§ Provided data:
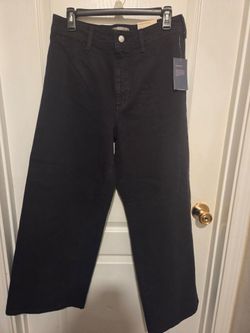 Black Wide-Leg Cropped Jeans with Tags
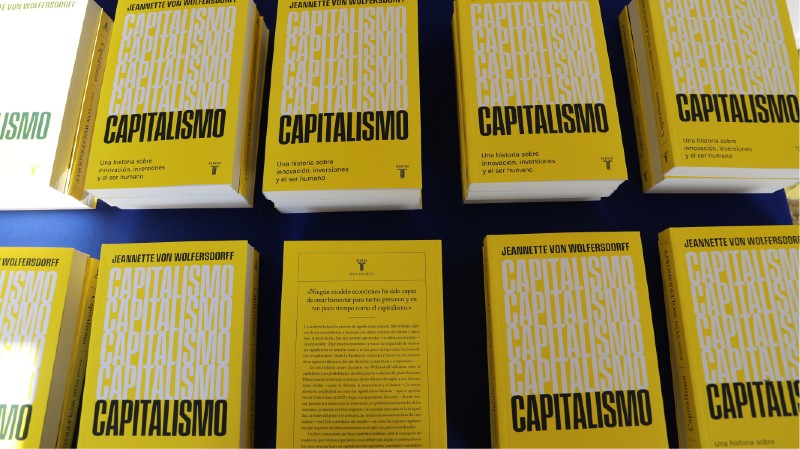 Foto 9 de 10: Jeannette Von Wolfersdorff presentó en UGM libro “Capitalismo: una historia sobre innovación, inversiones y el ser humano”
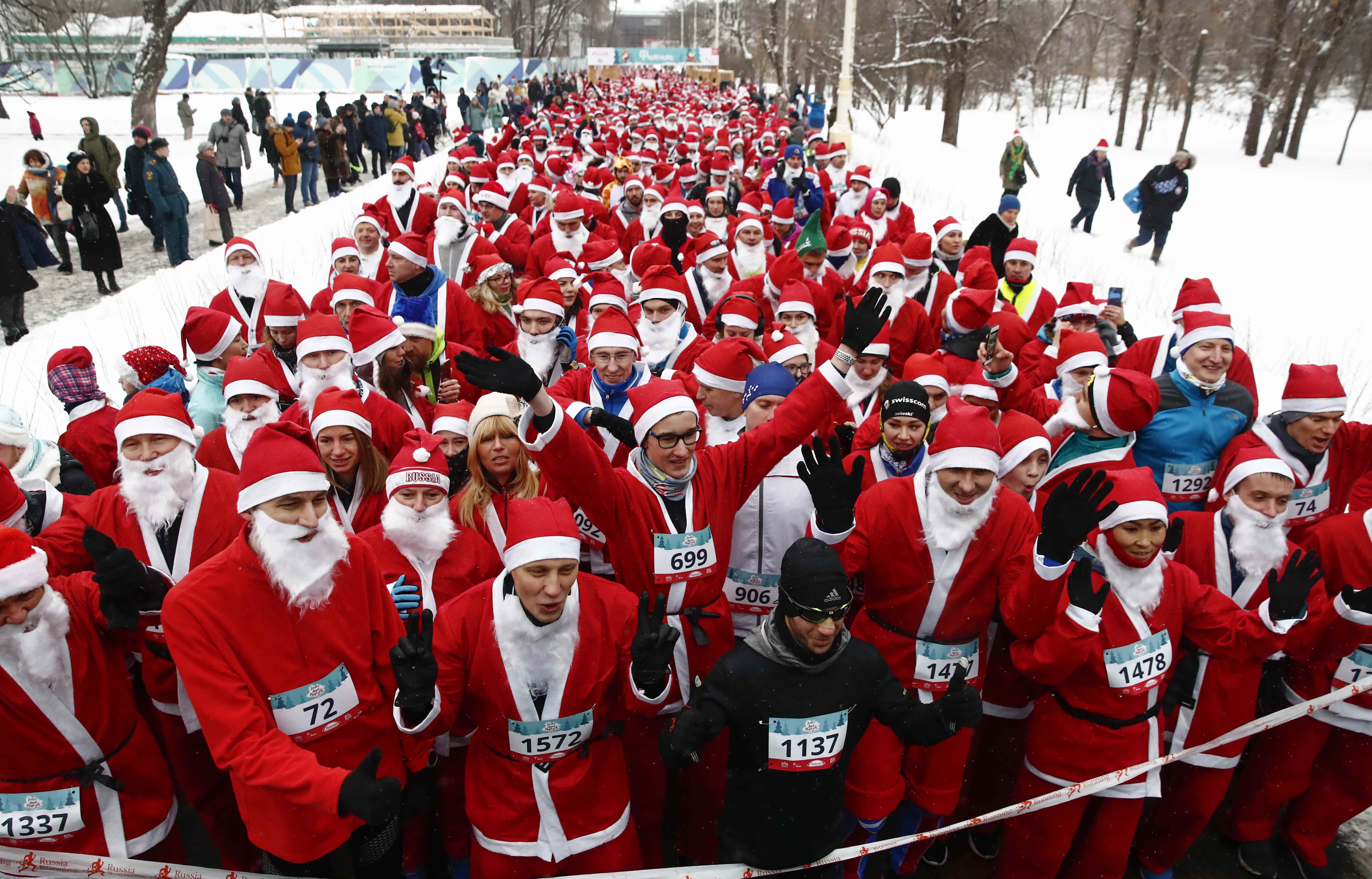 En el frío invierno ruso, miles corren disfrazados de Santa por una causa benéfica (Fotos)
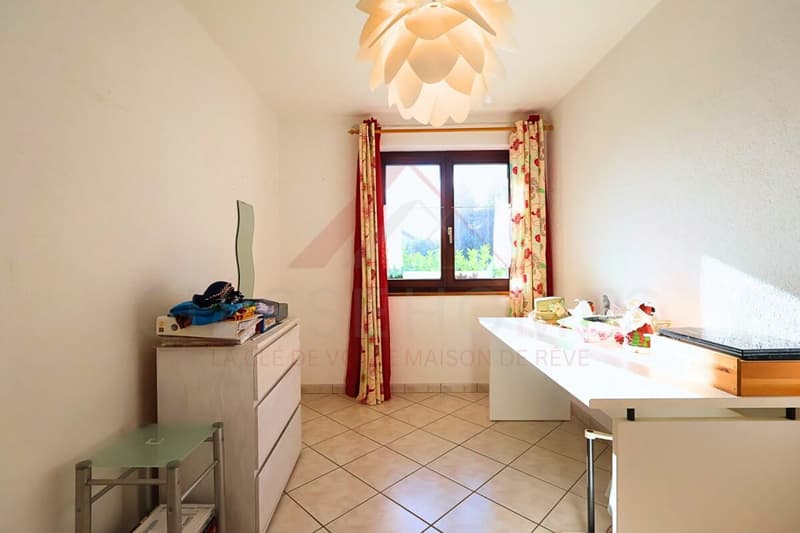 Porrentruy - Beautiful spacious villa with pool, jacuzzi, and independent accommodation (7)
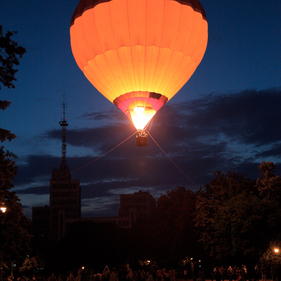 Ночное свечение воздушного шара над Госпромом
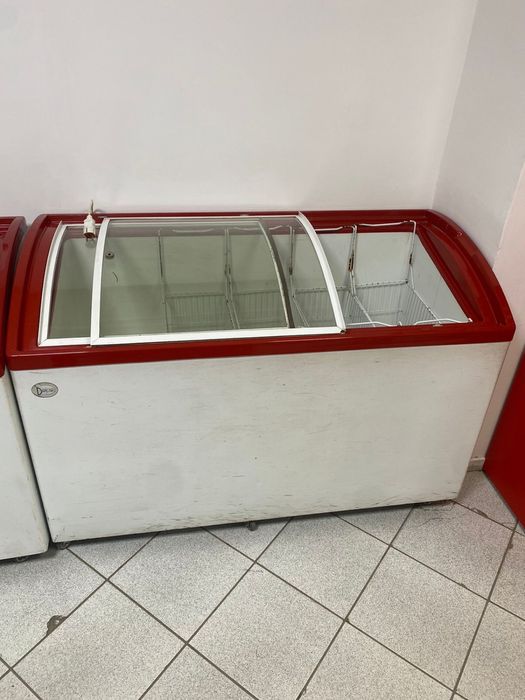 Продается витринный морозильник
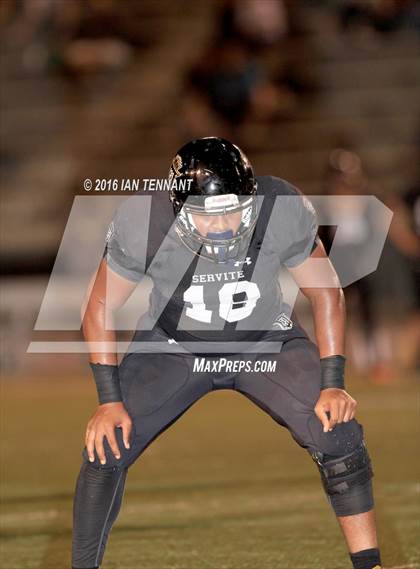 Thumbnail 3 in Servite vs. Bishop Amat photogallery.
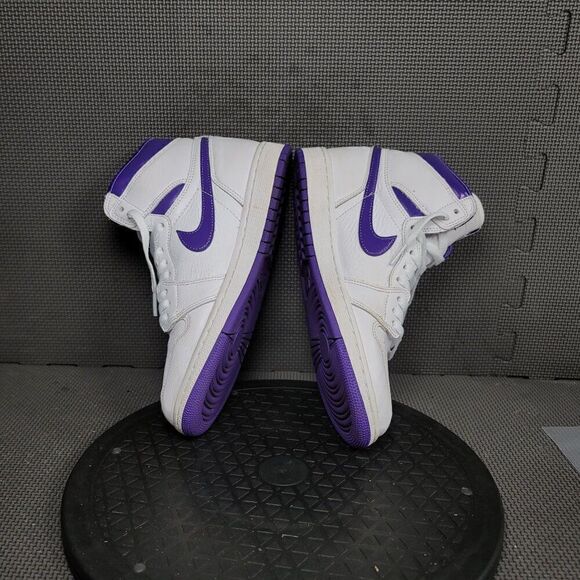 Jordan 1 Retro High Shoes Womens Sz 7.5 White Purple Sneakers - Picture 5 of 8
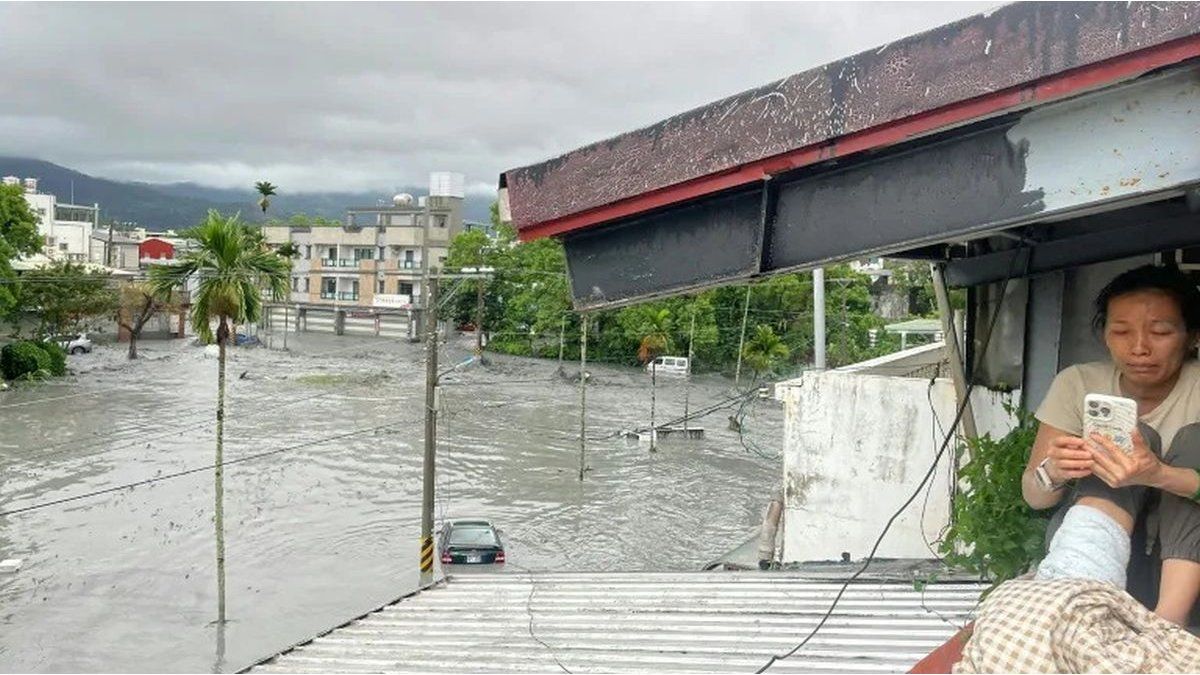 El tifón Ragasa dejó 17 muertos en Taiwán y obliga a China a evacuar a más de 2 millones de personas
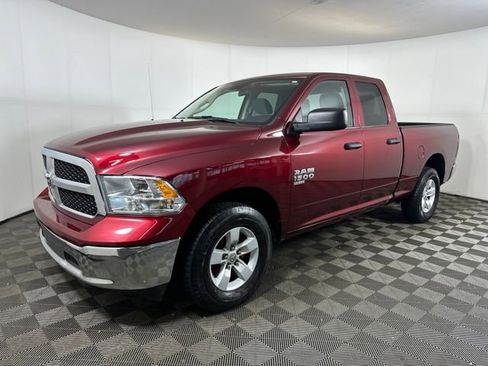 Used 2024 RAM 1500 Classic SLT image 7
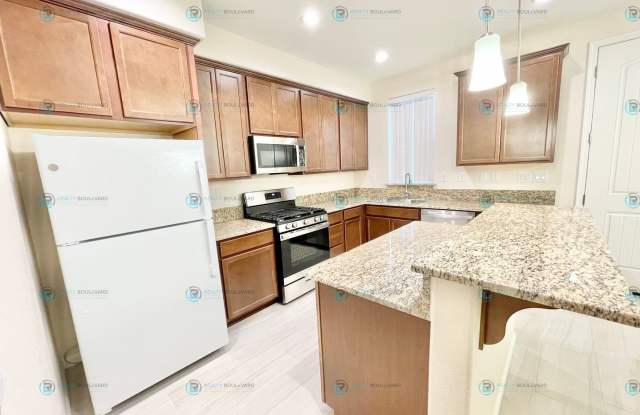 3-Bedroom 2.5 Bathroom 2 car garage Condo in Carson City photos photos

§ Assignment:
Please quote the lines of the material, beginning with the first and ending with the one that contains "Jordan 1 Retro", exactly as written and without any pictures.

§ Answer to this problem:
 Black Wide-Leg Cropped Jeans with Tags
 Foto 9 de 10: Jeannette Von Wolfersdorff presentó en UGM libro “Capitalismo: una historia sobre innovación, inversiones y el ser humano”
 En el frío invierno ruso, miles corren disfrazados de Santa por una causa benéfica (Fotos)
 Porrentruy - Beautiful spacious villa with pool, jacuzzi, and independent accommodation (7)
 Ночное свечение воздушного шара над Госпромом
 Продается витринный морозильник
 Thumbnail 3 in Servite vs. Bishop Amat photogallery.
 Jordan 1 Retro High Shoes Womens Sz 7.5 White Purple Sneakers - Picture 5 of 8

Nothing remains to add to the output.